* [AIM OF THE TASK]
Retype exactly what appears below from the line containing "Pass Vvs Moisanite" down to the line containing "Luxury Red Monstera", keeping both end lines. Do not include pictures.

* [SUPPLIED RECORDS]
# # # # #

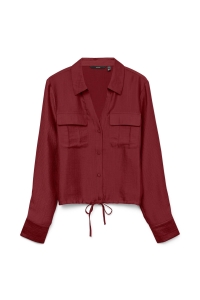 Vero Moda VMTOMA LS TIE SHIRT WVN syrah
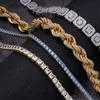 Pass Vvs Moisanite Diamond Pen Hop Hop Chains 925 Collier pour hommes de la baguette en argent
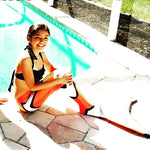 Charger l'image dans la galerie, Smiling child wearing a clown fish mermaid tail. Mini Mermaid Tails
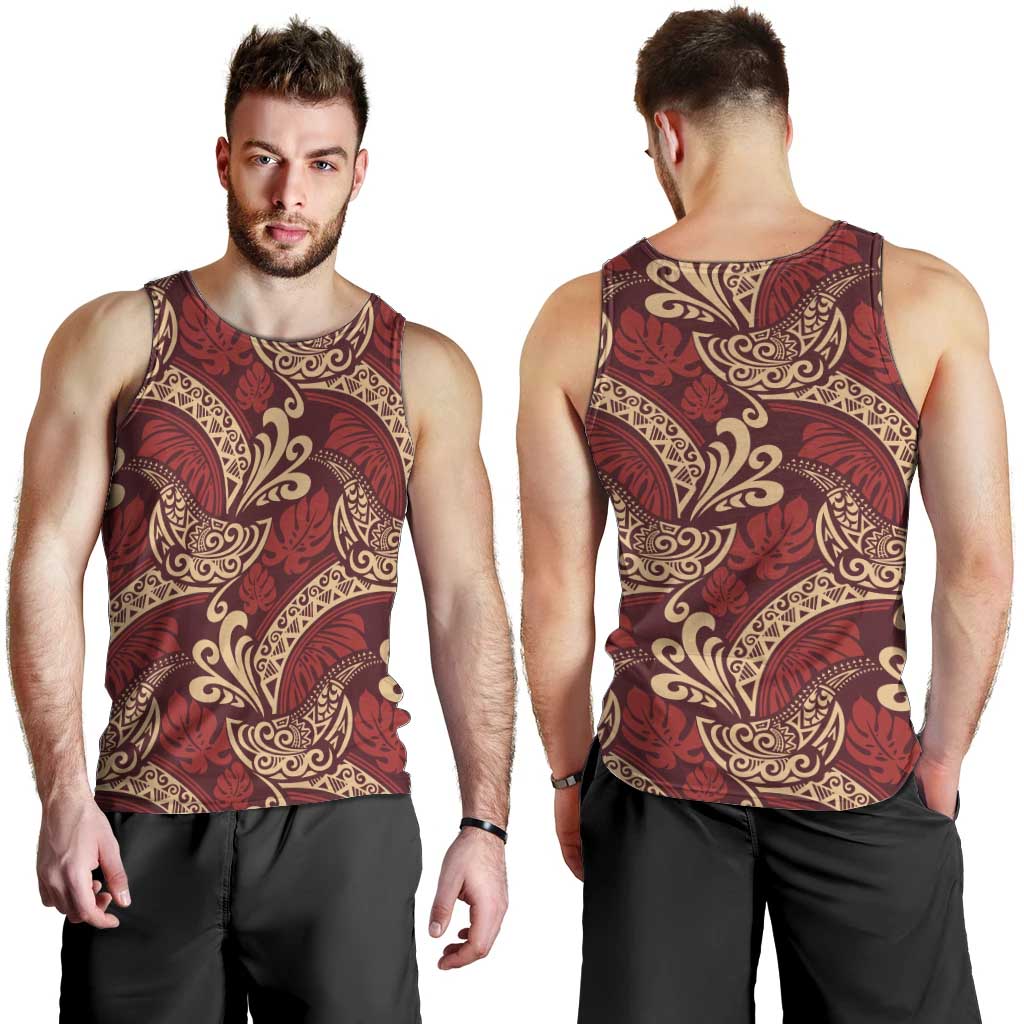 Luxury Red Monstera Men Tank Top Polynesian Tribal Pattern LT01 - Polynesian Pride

# # # # #

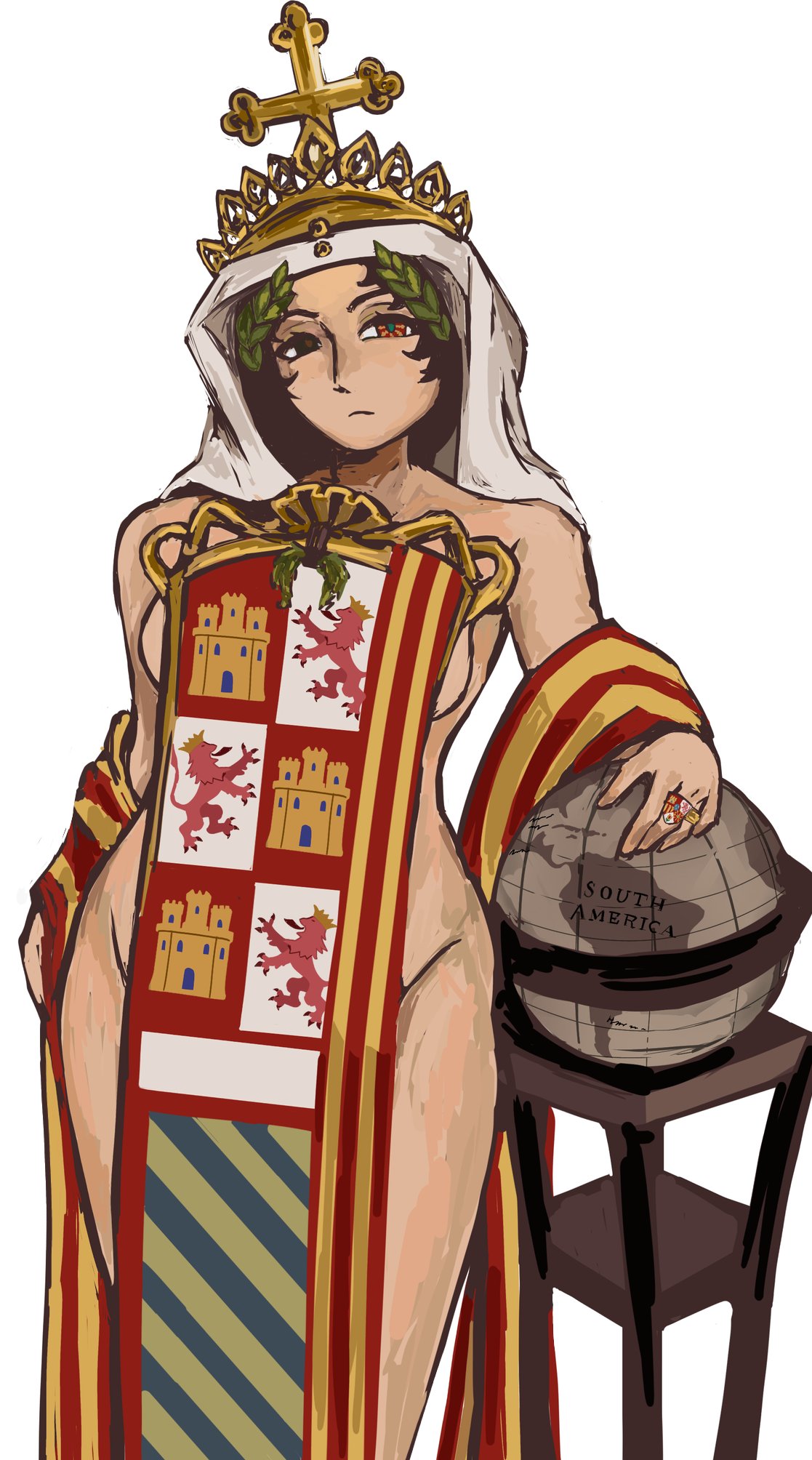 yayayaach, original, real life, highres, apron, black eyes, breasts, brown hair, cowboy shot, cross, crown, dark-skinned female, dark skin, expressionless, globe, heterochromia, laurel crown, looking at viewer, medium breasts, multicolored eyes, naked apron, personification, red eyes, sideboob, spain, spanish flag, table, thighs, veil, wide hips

# # # # #

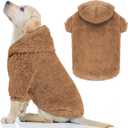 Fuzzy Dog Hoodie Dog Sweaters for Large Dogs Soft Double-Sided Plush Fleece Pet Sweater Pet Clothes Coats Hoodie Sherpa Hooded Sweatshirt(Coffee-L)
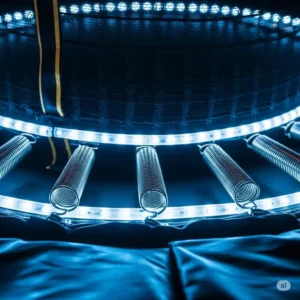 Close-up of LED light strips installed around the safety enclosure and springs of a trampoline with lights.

# # # # #

* [WORKED SOLUTION]
 Pass Vvs Moisanite Diamond Pen Hop Hop Chains 925 Collier pour hommes de la baguette en argent
 Charger l'image dans la galerie, Smiling child wearing a clown fish mermaid tail. Mini Mermaid Tails
 Luxury Red Monstera Men Tank Top Polynesian Tribal Pattern LT01 - Polynesian Pride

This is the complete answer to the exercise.